Rome has the status of a global city. Rome ranked in 2014 as the 14th-most-visited city in the world, 3rd most visited in the European Union, and the most popular tourist attraction in Italy. Its historic centre is listed by UNESCO as a World Heritage Site. Monuments and museums such as the Vatican Museums and the Colosseum are among the world's most visited tourist destinations with both locations receiving millions of tourists a year. Rome hosted the 1960 Summer Olympics and is the seat of United Nations' Food and Agriculture Organization (FAO). The city hosts the headquarters of many international business companies,as ENI,ENEL,TIM,national and international banks as Unicredit and Bnl. Its business district, called EUR, is the base of many business companies involved in oil industry,pharmaceutical industry and finance services. So,the city plays a leading role in the national economy. The city is also an important fashion and design center thanks to international brands such as Fendi, Bulgari, Renato Balestra and Salvatore Ferragamo. Rome's Cinecittà Studios have been the set of many Oscar-winning movies.
Rome constitutes a comune speciale, named "Roma Capitale", and is the largest both in terms of land area and population among the 8,101 comuni of Italy. It is governed by a mayor and a city council. The seat of the comune is the Palazzo Senatorio on the Capitoline Hill, the historic seat of the city government. The local administration in Rome is commonly referred to as "Campidoglio", the Italian name of the hill.

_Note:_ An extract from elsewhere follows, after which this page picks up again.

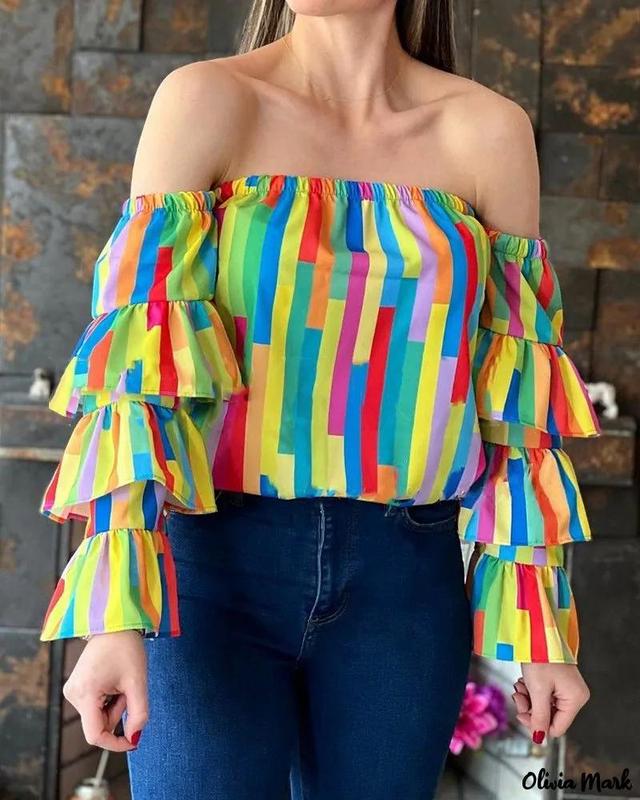 Olivia Mark – Off-Shoulder Layered Sleeve Blouse with Geometric Print Product Image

Rome is the principal town of the Metropolitan City of Rome, operative since 1 January 2015. The Metropolitan City replaced the old province, which included the city's metropolitan area and extends further north until Civitavecchia. The Metropolitan City of Rome is the largest by area in Italy. At 5,352 square kilometres (2,066 sq mi), its dimensions are comparable to the region of Liguria. Moreover, the city is also the capital of the Lazio region.

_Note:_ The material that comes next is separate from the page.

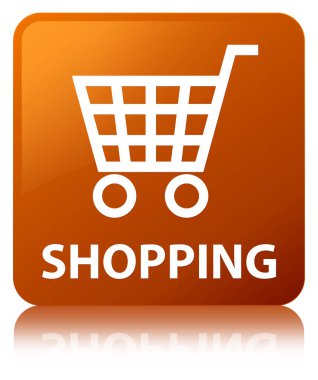 Alışveriş kahverengi kare düğme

Rome is the national capital of Italy and is the seat of the Italian Government. The official residences of the President of the Italian Republic and the Italian Prime Minister, the seats of both houses of the Italian Parliament and that of the Italian Constitutional Court are located in the historic centre. The state ministries are spread out around the city; these include the Ministry of Foreign Affairs, which is located in Palazzo della Farnesina near the Olympic stadium.
Rome is in the Lazio region of central Italy on the Tiber (Italian: Tevere) river. The original settlement developed on hills that faced onto a ford beside the Tiber Island, the only natural ford of the river in this area. The Rome of the Kings was built on seven hills: the Aventine Hill, the Caelian Hill, the Capitoline Hill, the Esquiline Hill, the Palatine Hill, the Quirinal Hill, and the Viminal Hill. Modern Rome is also crossed by another river, the Aniene, which flows into the Tiber north of the historic centre.

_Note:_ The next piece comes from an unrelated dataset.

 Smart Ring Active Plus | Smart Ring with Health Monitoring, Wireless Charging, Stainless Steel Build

Although the city centre is about 24 kilometres (15 mi) inland from the Tyrrhenian Sea, the city territory extends to the shore, where the south-western district of Ostia is located. The altitude of the central part of Rome ranges from 13 metres (43 ft) above sea level (at the base of the Pantheon) to 139 metres (456 ft) above sea level (the peak of Monte Mario). The Comune of Rome covers an overall area of about 1,285 square kilometres (496 sq mi), including many green areas.